The open question is how much of these record numbers for an event exclusively on streaming in the US, except for those in the Kansas City and South Florida markets, were those amongst the casual fans watching due to Taylor Swift, and how many were routine football fans?
In any case, the NFL does have a model for future stream pay-per-views.
From what I heard from many and observed myself on Pirate Sports Network and some watching the redistributed Peacock feed in Canada, the feed quality left much to be desired.
The quality was not even close to that we have been seeing on Thursday nights via Amazon Prime.
Next up is perhaps Amazon Prime for one of these or perhaps Paramount+, though I don’t think Paramount and CBS are zealous about pushing Paramount+ exclusivity unlike the the media company Comcast, which owns a cable company along with NBC.
That Taylor Swift Effect, Breaking Records Too, Again
The Chiefs’ 27-24 victory had an average audience of 50.393 million, which is an astronomical number. Not only was it the most-watched divisional playoff game in NFL history – it was the first one to top 50 million – but the viewing number also topped the average viewership for every NFC championship game played over the past five years. The viewing number peaked with 56.25 million people watching at one point in the second half.
The win by the Chiefs was the most-watched program on any network since Super Bowl LVII back in February, a game that also involved the Chiefs.

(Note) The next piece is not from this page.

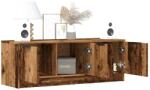 vidaXL TV szekrény Régi fa 102x35x36, 5 cm Gépelt fa (856947)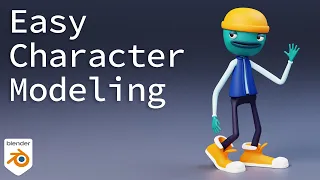 Easy Character Modeling, Simple and Stylized || Blender 2.92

More record ratings numbers, TV plus digital, from the divisional round of the NFL playoffs:
This year’s NFL Divisional Round averaged 40.0 million viewers (TV+Digital) – the highest on record dating back to 1988.
The 40.0 million average viewers for the four games – Houston Texans versus Baltimore Ravens, Green Bay Packers versus San Francisco 49ers, Tampa Bay Buccaneers versus Detroit Lions and Kansas City Chiefs versus Buffalo Bills – are up +7% versus last year, and up +5% versus the prior record in 2021-22.
These were the biggest ratings since Championship Sunday in January 2014, when the Broncos (QB Peyton Manning) and the Seahawks (QB Russell Wiilson) went on to the Super Bowl at MetLife Stadium in East Rutherford NJ, the home of the New York teams.
Sunday was the first time since 2014 that both conference championship games averaged more than 50 million viewers (with the caveat that out-of-home ratings weren’t part of Nielsen’s same-day reporting until 2020).
I also have to wonder for Canada, and for the US, if this Super Bowl generated the youngest average age of viewership in years.
We’ll find out more in a few days this week.
According to a press release from TSN, the game garnered an average television audience of 10 million people in Canada across CTV, TSN, and RDS and reached 19 million unique viewers, almost 50 percent of the Canadian population. The audience peaked at 12.6 million viewers during the halftime show, which was headlined by Usher.
Data from measurement agency Nielsen showed the final audience for Super Bowl LVIII reached an average of 123.7 million, up slightly from fast national estimates of 123.4 million and reconfirming the game’s status as the largest single event in the history of U.S. television.
That aggregate figure represents a 7.4% boost from Super Bowl LVII a year ago, but across multiple segments, women showed even greater levels of growth. Women ages 18–24 watching the game on CBS and Univision posted a 24% jump in year-over-year Super Bowl viewership, while girls ages 12–17 posted a 11% jump, and women overall logged a 9% increase to 58.8 million. Women also comprised 47.5% of the game’s total audience, representing the highest figure ever for the Big Game, beating a comparable 47.1% for Super Bowl XLIX in 2015.
As noted previously, only the moon landing in 1969 had more viewers in the entire history of television in the US!